We now know the identity of at least one of the shooters who took aim at police officers last night in Dallas. But even as we learn more about one of the shooters — including his declaration of his intent to “kill white people” — some are already trying to distance him from black supremacist and activist organizations.
Via The Daily Mail:
The man who shot 12 police officers, killing five, at a Black Lives Matter protest in downtown Dallas on Thursday night has been named as Micah Xavier Johnson, a 25-year-old Army reservist with no criminal history or ties to terror groups.
Johnson, from Mesquite, Texas, a 20 minute drive from Dallas, reportedly told law enforcement that he was a veteran, and claimed to have acted alone, countering reports that as many as four gunmen were involved in the massacre.
As we reported earlier, a ‘black power” group has separately claimed ‘credit’ for last nights’ massacre, though this has not been confirmed.
‘The suspect said he was upset about Black Lives Matter. He said he was upset about the recent police shootings of black suspects. He said he was upset at white people. The suspect stated he wanted to kill white people, especially white officers,’ Dallas Police Chief David Brown revealed at a 7:30am press conference. wal
Around 11pm on Thursday, cops cornered Johnson at El Centro College and attempted to negotiate, but four hours later the talks failed and a robot was brought in to detonate a bomb and kill the suspect. This was after shots had rung out at a previously peaceful protest in downtown Dallas with demonstrators screaming and running for their lives as cops dropped dead one by one.
Two other suspects were taken into custody after fleeing the scene in a black Mercedes. An officer saw one of the pair hurriedly putting a camouflage bag in the back of the car before driving off ‘at a high rate of speed’.
A female, who was in the same area as Johnson, was also taken custody, however Brown said: ‘We still don’t have complete comfort that we have all the suspects.’
Johnson reportedly fired from an ‘elevated position’, picking off officers ‘ambush style,’ Police Chief David Brown said, suggesting that the shooter had some tactical background. ‘Some officers were shot in the back,’ he added.
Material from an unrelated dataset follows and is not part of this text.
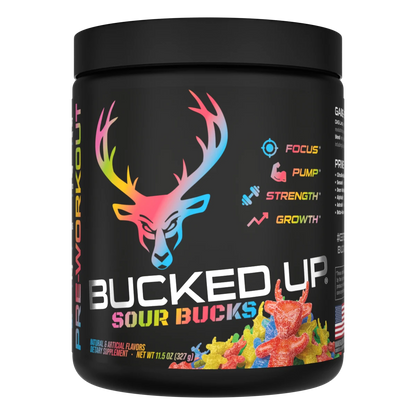Bucked Up Pre-Workout Original [30 Servings]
Army officials said Johnson was a soldier in the reserves and had served a tour of duty in Afghanistan. Pictures on Facebook suggest that Johnson’s father, James, was also in the military. While he professed a hatred for white people in his last words to a hostage negotiator, it appears his step-mother was white. Donna Ferrier Johnson, a teacher for Dallas schools, proudly shared pictures of her step-son in uniform to her page.
Nevertheless, Johnson’s activity online suggest he became interested with black militant groups. On Facebook, he identified himself as a black nationalist, and his profile picture shows him wearing a dashiki and holding a clenched first in the air like a Black Panther member.
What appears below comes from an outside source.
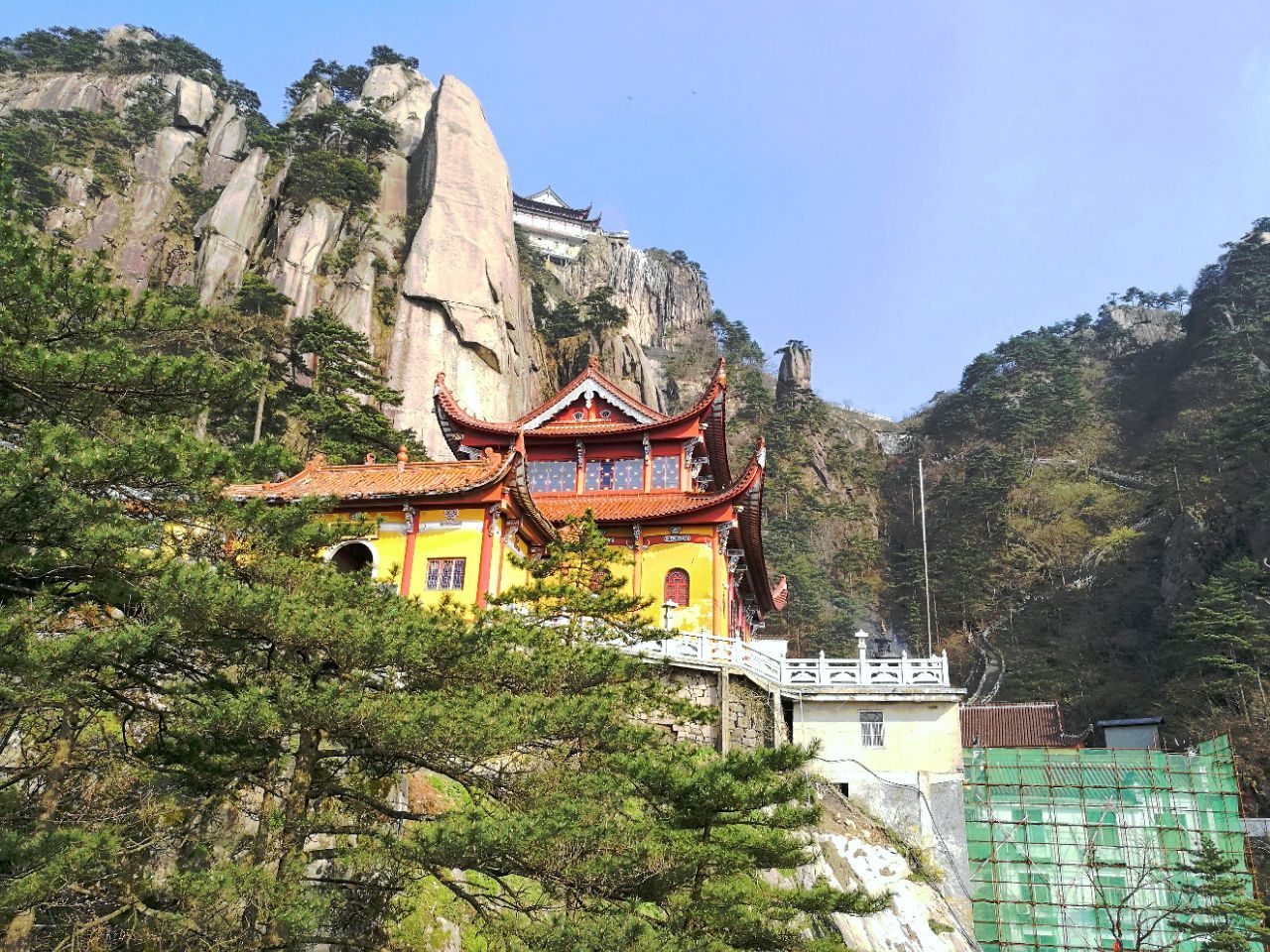 九华山甘露寺_九华山甘露寺开放时间_九华山甘露寺求什么最准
He also liked pages for several pages related to the Nation of Islam, the Black Riders Liberation Party, the New Black Panther Party and the African american Defense League.
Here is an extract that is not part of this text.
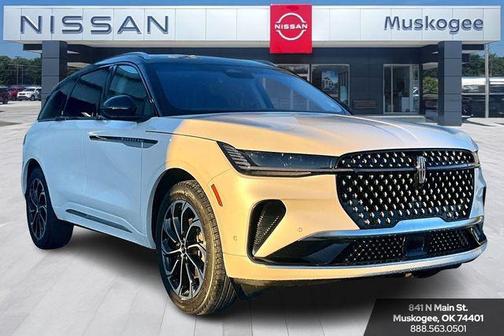 2024 Lincoln Nautilus Reserve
Interestingly, The New York Times is reporting that “investigators have not turned up any evidence that he had ties to the Black Lives Matter movement or to political groups. The official said that Justice officials have reached out to the Pentagon to obtain Mr. Johnson’s military records.”
Somehow, one gets the impression the focus seems to be on his military experience — while already beginning to distance him from possible inspiration by radical black activist groups. Sorry for being skeptical, but one has to wonder where this is headed… guns bad, military bad, but hateful anti-cop, anti-white rhetoric has nothing to do with this?
Whether or not Mr. Johnson was formally affiliated with the likes of Black Lives Matter, it would appear that his social media profile warrants further investigation on this front. We cannot ignore the influence amped-up racially-divisive, anti-police rhetoric in this country is having on this the violence against our men and women in blue in this country.
How is it when Donald Trump says something controversial, he’s decried for “hateful rhetoric” that could potentially cause problems — but these black supremacist organizations are just A-OK?